En mis formaciones, considero la honestidad intelectual de los asistentes algo clave. Lo pregunto y, un porcentaje importante, no suele gustar “vender” o la palabra “ventas”. Se sigue viendo como algo agresivo, desacreditado, de charlatanes o vende humo. La ignorancia es muy atrevida y cuando solicito argumentos, la debilidad de todos es abrumadora. Los formadores tenemos, comparativamente hablando, muy poco tiempo en las sesiones pero ¿qué ocurre (o no) en las empresas para cambiar este pensamiento?
Si, desde los responsables, no se trabaja esto, la antipatía a la palabra “vender” lleva, inexorablemente, a que quienes custodian nuestra imagen ante el cliente, no se tomen en serio que están allí para vender. A partir de aquí, viene cierta parte divertida de mi trabajo en las acciones formativas: contrarrestar todo tipo de excusas. Los formadores que, no sólo nos hemos preparado académicamente, sino que hemos hecho (con grandes aciertos y enormes errores) el trabajo de campo, sabemos latín y arameo.
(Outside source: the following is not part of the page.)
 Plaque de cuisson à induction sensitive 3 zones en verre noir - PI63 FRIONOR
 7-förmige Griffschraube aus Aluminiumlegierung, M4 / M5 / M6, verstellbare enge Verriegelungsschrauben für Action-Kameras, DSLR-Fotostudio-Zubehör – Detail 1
He vendido excusas pero luego de muchísimos años de haber pateado polígonos industriales, comercios o domicilios particulares; haber trabajado con multinacionales y pymes; haber visto la soberbia y el ego cara a cara pero también el esfuerzo y la humildad. Después de todo esto, ya no vendo excusas. Hace mucho tiempo que no me engaño a mí mismo. Y esto es lo que me suelo encontrar cuando, en muchos casos, quienes están en la atención al cliente, tienen un doctorado en vender excusas.
Con criterio, firmeza y responsabilidad, invito a los asistentes a dejar las excusas de lado y comenzar a ser honestos con ellos mismos. Saber cómo gestionar estos momentos es clave dentro de la autoridad que me confieren los años de experiencia y, aún a costa de poder equivocarme (nadie se puede jactar de ser experto en personas), me gusta aplicar el pensamiento crítico y la creatividad para persuadir a los asistentes sobre las bondades y alegrías que implica la satisfacción de un cliente que acaba de cubrir sus necesidades.
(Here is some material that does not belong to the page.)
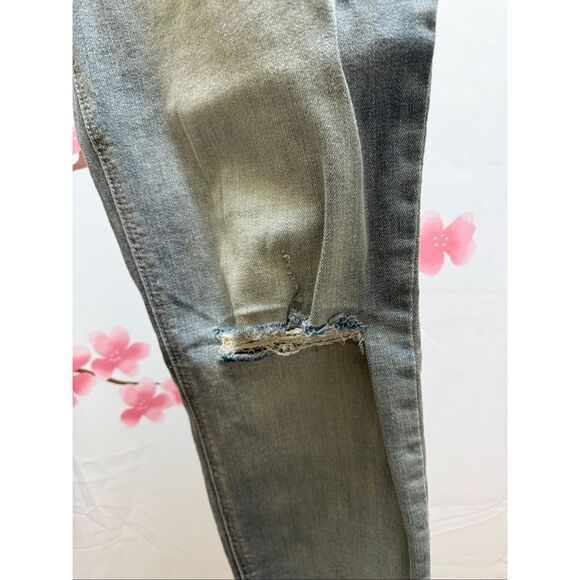 Old Navy Rockstar Light Color Floral Design Jean Size 12 - Picture 5 of 6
Cuando tengo la oportunidad, me llevo a los participantes a alguna zona de la empresa para visualizar lo que está ocurriendo in situ; en el directo, en el aquí y ahora que están viviendo otros compañeros. Siempre que la operativa lo permite es un baño de realidad para quienes tienen la palabra “excusa” cayéndoseles de los labios. A partir de aquí, les planteo un juego basado en la confianza y en el respeto y es que comprendan que, para quienes hablamos los mismos códigos, las excusas son de mal perdedor.
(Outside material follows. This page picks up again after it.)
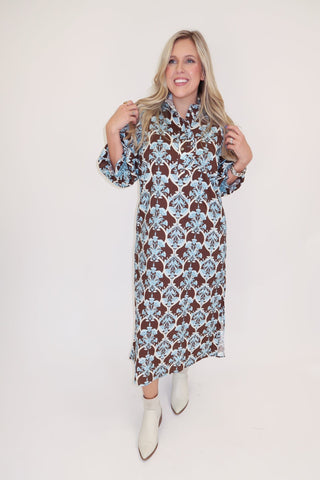 An Artful Affair Printed Midi Dress - The Pink Tulip Clothing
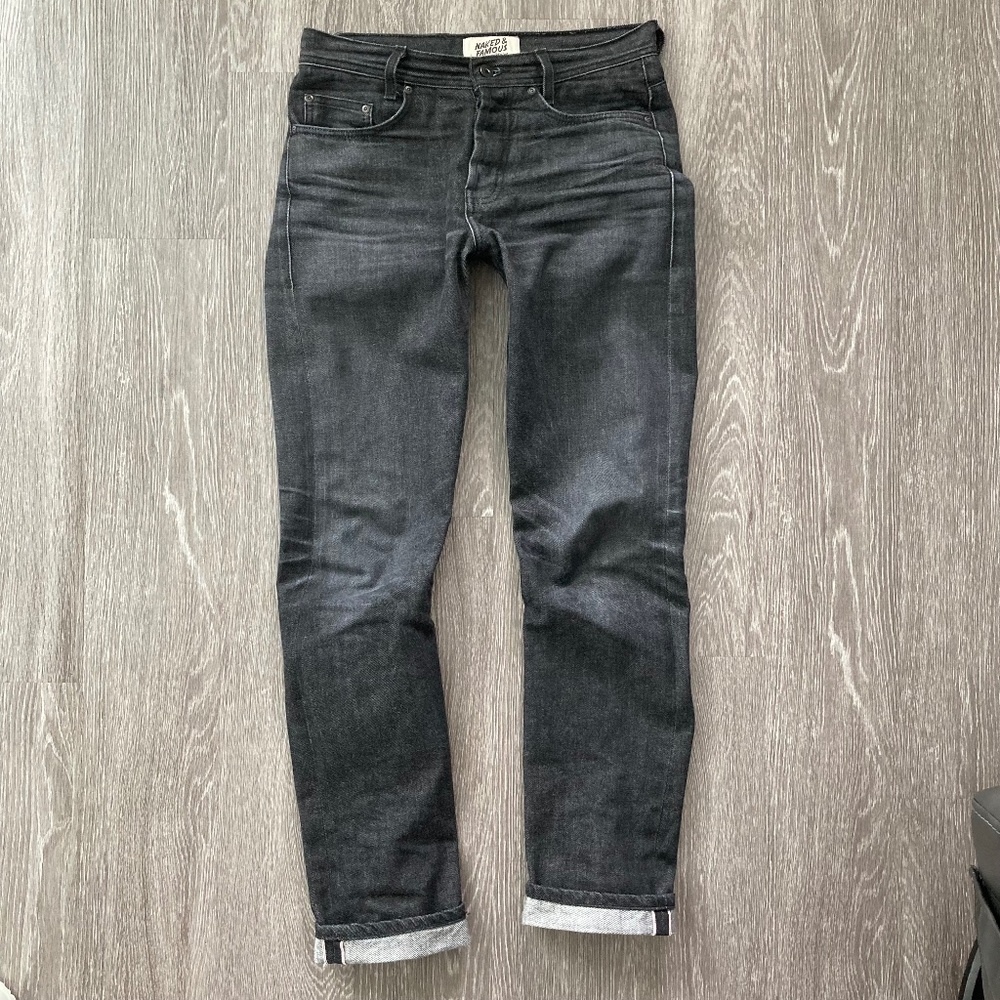Naked & Famous Deadstock Black Weird Guy - 29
No sólo porque lo pueda decir un formador con experiencia. Quién realmente nos juzga, sin contemplaciones, es el cliente. Éste huele, escucha y observa. En mercados maduros, quien agrega valor es el vendedor y sino conectas, seduces, conoces bien tu producto o servicio y no generas confianza, no hay venta. Si te lo tomas en serio, la venta puede ser muy divertida. Es bailar con el cliente. Es saber llevar el ritmo. Y esto se aprende con ganas, curiosidad, actitud, esfuerzo y pasión por lo que haces. Si no, pondrás excusas.